Что невозможно? – теряя терпение, вскидывает на него грозными глазами муж.
– Так что с духом они. Никак, то есть, в чистые комнаты их благородия доставить невозможно.
– Кого?
– Ворону, значит.
– Ха-ха-ха!
Мы уже не слушаем его и несемся взапуски по винтовой лестнице в «подполье замка», то есть в кухню. Там у стола Даша, то есть Доротея, потрошит огромного дикого селезня, принятого Галкой за ворону. От него пахнет дичью, болотом и лесом.
– Вот так ворона! – смеется своим глуховатым смехом рыцарь Трумвиль.

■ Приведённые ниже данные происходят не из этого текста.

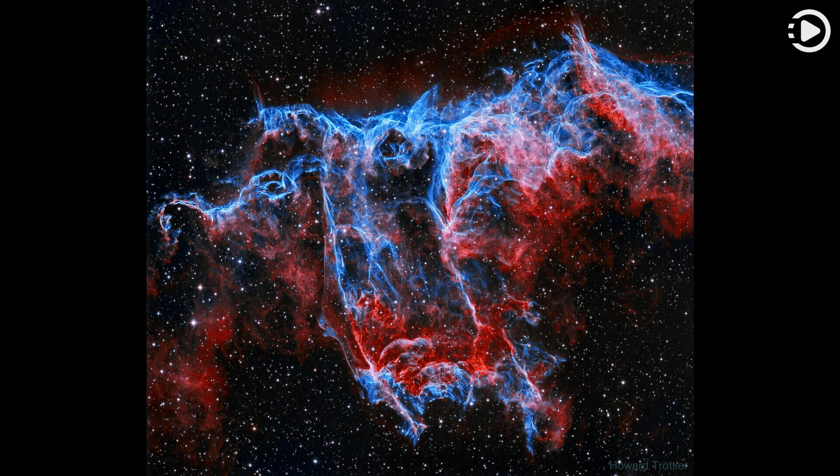Of course, in the western part of the Veil lies another seasonal apparition — the Witch's Broom Nebula.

– Ха-ха-ха! – заливается, вторя ему, Брандегильда.
* * *
Звонок. Гости. Мы взглядываем друг на друга. Рыцарь Трумвиль, только час тому назад вернувшийся с охоты, очень устал. Ему так приятно посидеть на мехе тибетской козы в обществе Брандегильды у пылающего камина и вести бесконечную игру в «замок Трумвиль». А со словом «гости» сопряжено известное напряжение, чинное сидение на диване, ярко освещенная гостиная и скучные беседы обо всем «всамделишном», таком далеком от грез, так хитро сплетенными двадцатипятилетним фантазером-мужем и его мечтательной восемнадцатилетней девочкой-женой.
– Не надо гостей, не надо! – шепчу я. – Галка, Галка! Если папа и мама или дети с Эльзой и Варей, прими, конечно; да поручика Зубова, да господ Рогодских, – это свои, а для других нет дома. Понял? – шепчу я, вытягивая шею снизу лестницы, в то время как наверху Галка внимательно ловит каждое мое слово, перегнув через перила свое тонкое длинное туловище.

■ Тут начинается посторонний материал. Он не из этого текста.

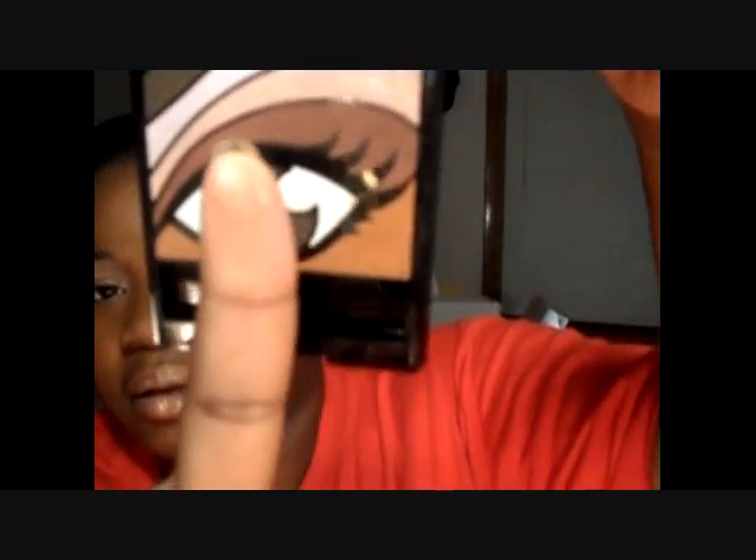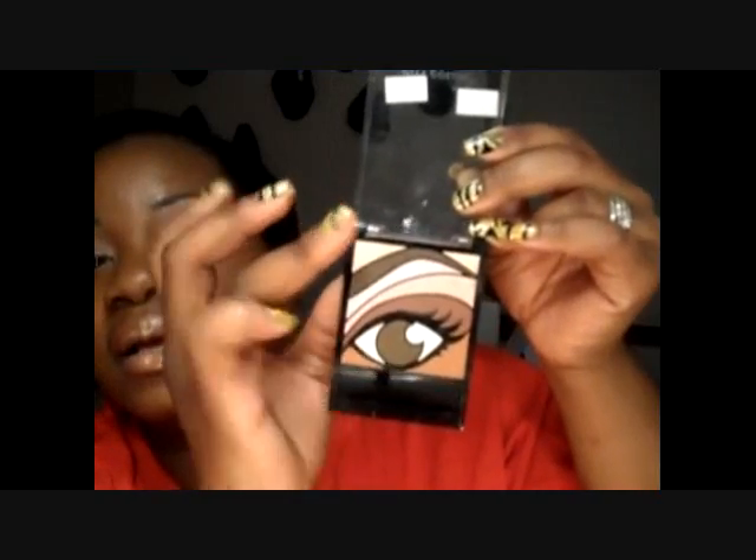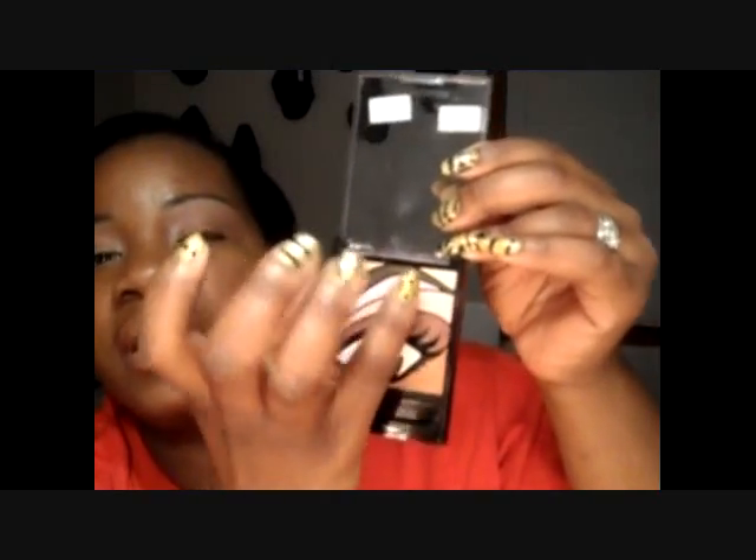I used four colors. This color right here is my lid, this color right here is my crease — yeah, that's definitely not gonna work, sorry y'all. This color up here is the base highlight, and this color right here I went on top of that highlight color. So those are the colors. Sorry y'all, day 23 and I still haven't got my lighting together.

– Так точно, понял, ваше высокоблагородие. Слушаюсь, – долетает до меня сверху, и он мчится в переднюю, гремя сапогами и грозя разрушить своей несуразной особой и замок, и лестницу, и весь мир.
А звонок все звенит, заливается в передней. Мы, притаившись внизу, слушаем, как щелкает ключ входной двери.

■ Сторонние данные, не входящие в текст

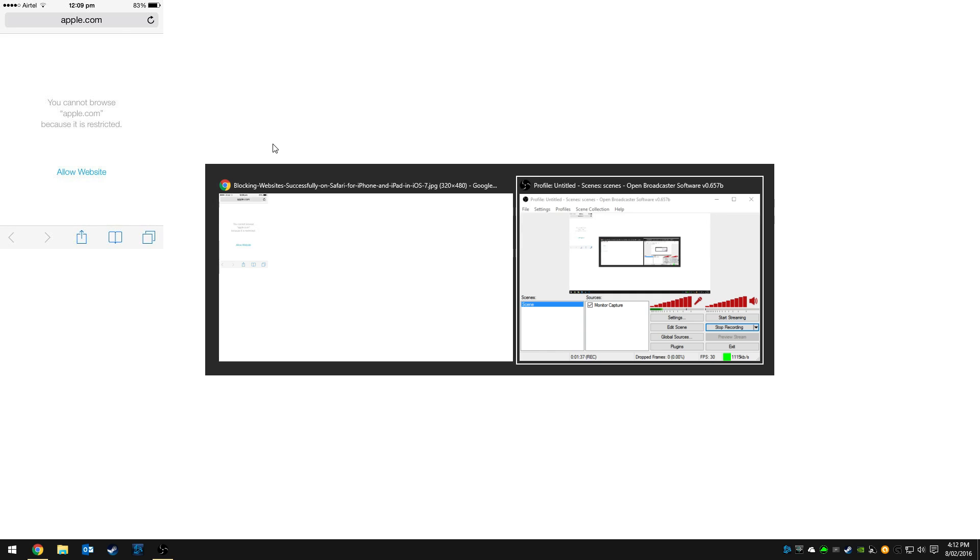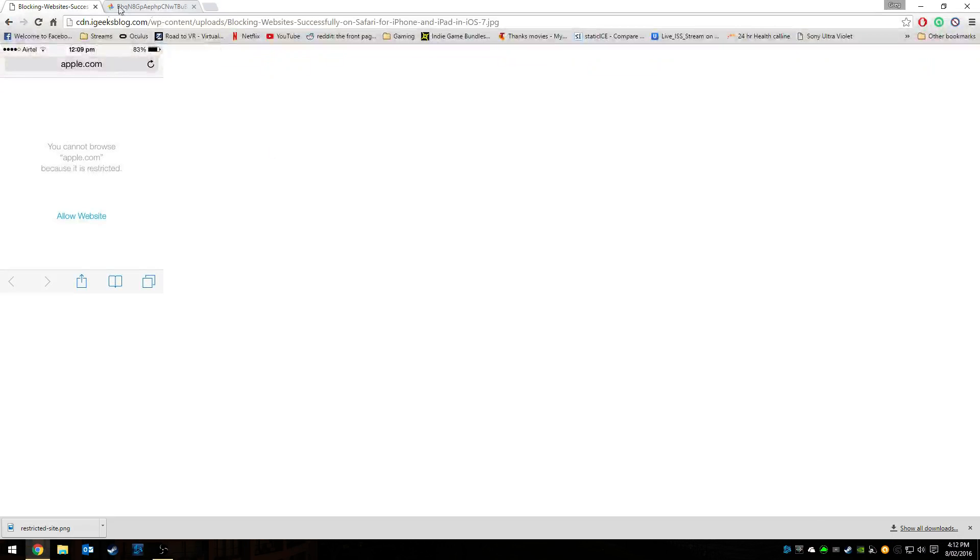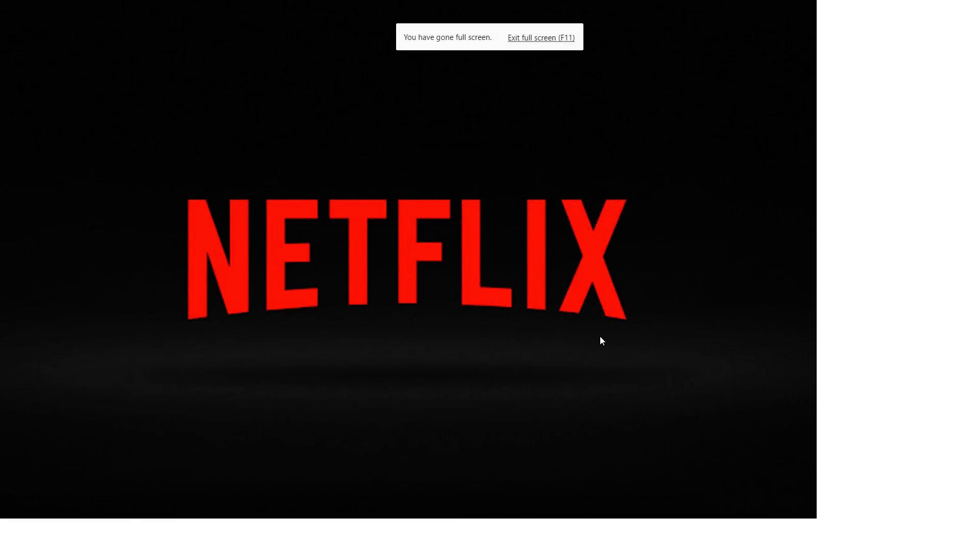You need to click 'Allow Website' and you'll type in your restriction code password. If your mom and dad have set your password, then tell them to put in the password, or whoever set the password. So type in the password, allow Netflix to run, it will run the website, then close down the browser, and come back to Netflix and it will load.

– Господа дома? – доносится до нас знакомый голос.
Ага! Это Невзянский.
– Оба дома, прекрасно, – вторит другой.
Это Линского голос. Потом короткая пауза, и веселый Тимочкин голос звенит на весь «замок»:
– Здорово, Галка!
– Здравия желаю, ваше высокоблагородие, – отбарабанивает тот.